Show of hands on immigrant health care belies a thorny issue (copy)

In this June 27, 2019 photo, Democratic presidential candidates, author Marianne Williamson, former Colorado Gov. John Hickenlooper, entrepreneur Andrew Yang, South Bend Mayor Pete Buttigieg, former Vice President Joe Biden, Sen. Bernie Sanders, I-Vt., Sen. Kamala Harris, D-Calif., Sen. Kirsten Gillibrand, D-N.Y., Colorado Sen. Michael Bennet, and Rep. Eric Swalwell, D-Calif., raise their hands when asked if they would provide healthcare for undocumented immigrants, during the Democratic primary debate hosted by NBC News at the Adrienne Arsht Center for the Performing Arts in Miami. (AP Photo/Wilfredo Lee)

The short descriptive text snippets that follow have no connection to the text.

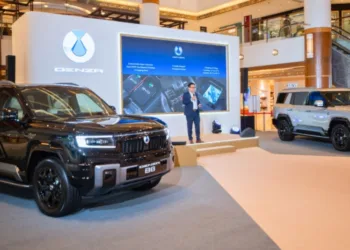 Denza B8 plug-in hybrid SUV arrives from RM460K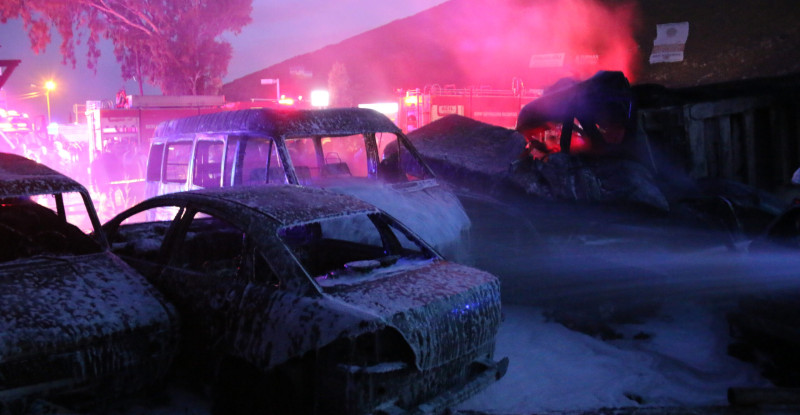 HATAY’DA TIR İLE ÇARPIŞAN KAMYONUN KARŞI ŞERİDE GEÇİP 11 ARACA ÇARPARAK DURABİLDİĞİ KAZADA 12 KİŞİ ÖLDÜ 3’Ü AĞIR 31 KİŞİ YARALANDI…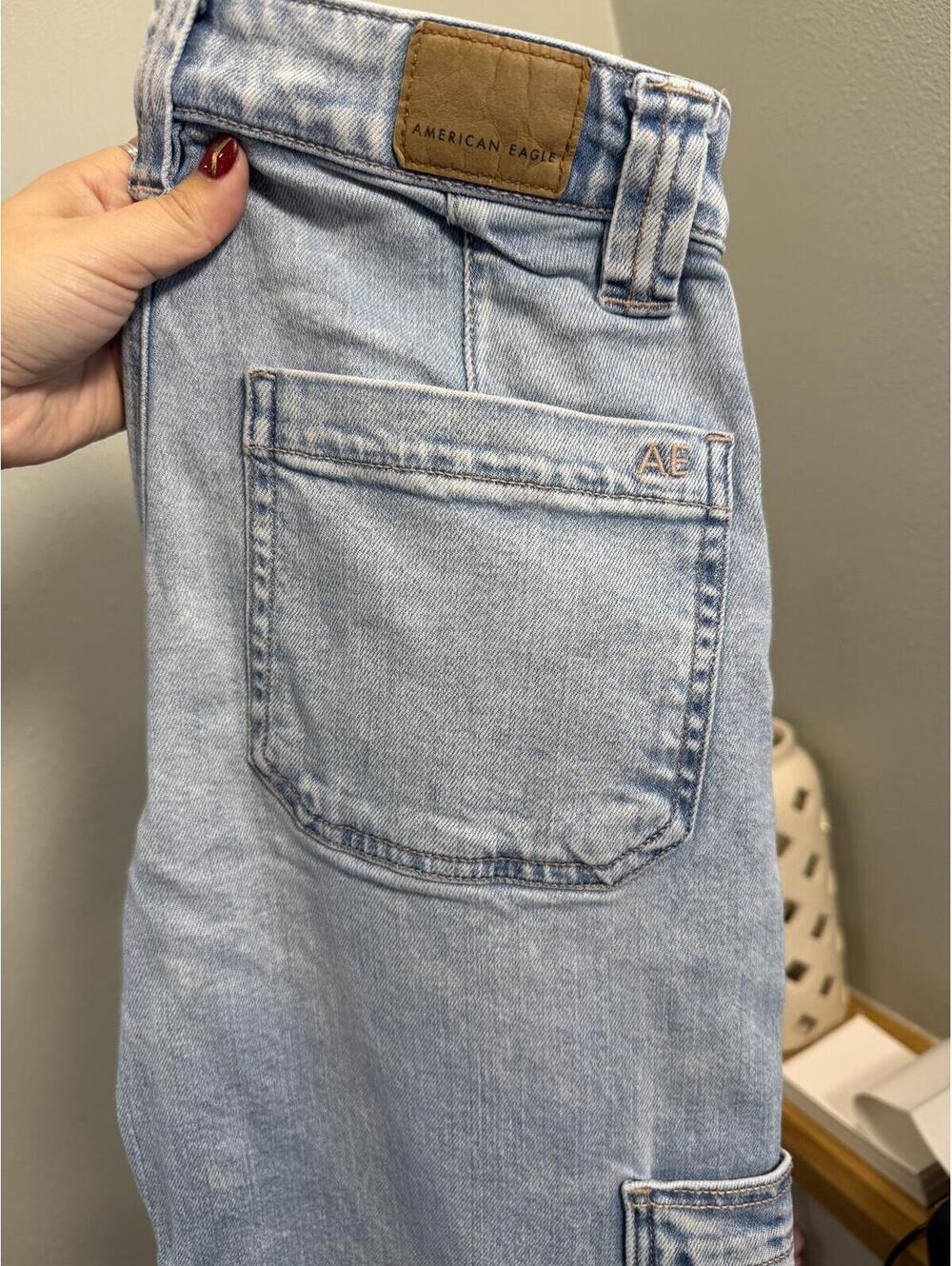American Eagle Super High Rise Baggy Wide-leg Cargo Jean - Women's 28 - Picture 6 of 7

For anyone worried an unwieldy crowd of 20 Democratic presidential candidates would be too confusing for voters to sort out, it only took four hours last week for that teeming mob to be reduced to perhaps half a dozen of the most likely contenders.

The candidates attracting the most attention were former Vice President Joe Biden, Massachusetts Sen. Elizabeth Warren, Vermont Sen. Bernie Sanders. California Sen. Kamala Harris, former Housing and Urban Development Secretary Julian Castro and South Bend Mayor Pete Buttigieg.

Biden, Sanders and Warren were inevitable based on familiarity and name recognition. Three enhancing their candidacies most with their debate performances were Warren, Harris and Castro. Warren continued casting off President Donald Trump’s racist slur with detailed plans to reduce the economic struggles of working Americans left behind under Trump. Harris created an electric moment by personally challenging Biden’s opposition to busing for school integration. Castro became the leading Latino voice opposing Trump’s cruel, anti-immigration policies separating families and caging children.

The most riveting moment over two nights was Harris personally challenging Biden for collaborating with racist Southern senators to oppose court-ordered busing to integrate schools. Harris said busing allowed her to attend an integrated public school as a little girl.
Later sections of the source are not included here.